Elvira Sultanmurat, Kloop.kg news agency's editor in Osh, said that "most of the irregularities" reported by Kloop.kg observers were "linked to technical problems, like an automatic ballot box not functioning, or being broken."
"In some places it took 10 minutes or more to fix them, or to use a normal box. Election officials blame it on the cold weather, [they said] the room temperature was lower than it should be. It shows that election process was not prepared properly," Sultanmurat told RFE/RL on January 10.
Sultanmurat added that some election officials barred Kloop.kg observers from using their phones to take photos or videos in the polling stations.
"They demanded special permission for that," Sultanmurat said.
Many voters in Bishkek told the AFP news agency that they were supporting Japarov.
"He has promised to raise salaries, pensions," Vera Pavlova, 69, told AFP, adding that she knew little about the other candidates. "I haven't seen their posters anywhere. Only Japarov's."
The vote comes after the results of the disputed October 4 parliamentary elections were annulled after opposition supporters took to the streets to condemn large-scale vote-buying campaigns benefiting parties close to then-President Sooranbai Jeenbekov.
By nightfall on October 5, the protests had turned violent as clashes with police left one protester dead. A day later, the government had been chased from power, with Jeenbekov, seemingly in hiding. He resigned soon afterward.
Meanwhile, Japarov, 52, was among several prominent politicians freed from prison by protesters during the unrest. He had been serving a 10-year prison sentence for hostage-taking during a protest against a mining operation in northeast Kyrgyzstan in October 2013. He has steadfastly denied the charge.
The tumult marked the third time since 2005 that a president and his government had been ousted by protests.
In the ensuing power vacuum, Japarov became prime minister and was then voted in by lawmakers as acting president.
In a series of maneuvers that have raised questions over their legality, he used the old parliament to rush through motions for the referendum on a presidential system.
A second referendum will need to be conducted, tentatively in March, to vote on a new draft constitution.

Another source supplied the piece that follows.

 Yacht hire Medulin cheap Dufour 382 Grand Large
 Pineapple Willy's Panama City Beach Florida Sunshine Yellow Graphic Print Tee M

On January 10, Japarov said that if the switch to a presidential system won voter support, the Constitutional Council would resume work on January 11 to prepare a new draft constitution.
Critics, including Human Rights Watch and legal experts, say Kyrgyzstan's caretaker parliament did not have the legitimacy to initiate far-reaching constitutional amendments because its term had expired. It's still not clear when new parliamentary elections will be held.
Meanwhile, in order to skirt a law prohibiting him from running in the presidential vote, Japarov quit both posts in November. Still, his critics say that his campaign has benefited from the resources of the state, with his allies occupying key government posts.
Japarov and his supporters have pushed for the referendum, saying the country needs the change to strengthen the role of the president by handing the post extensive legislative and executive powers similar to those in other Central Asian countries.
Those powers, critics point out, are often abused in the region and they fear the same will happen in Kyrgyzstan if the referendum is successful and Japarov wins the vote.
"To maximize his power, he will strive to establish a modern authoritarian police state," Bakyt Beshimov, a professor at Northeastern University in Boston, commented on Twitter.
Election officials said that more than 300 international observers had been accredited to monitor the election process.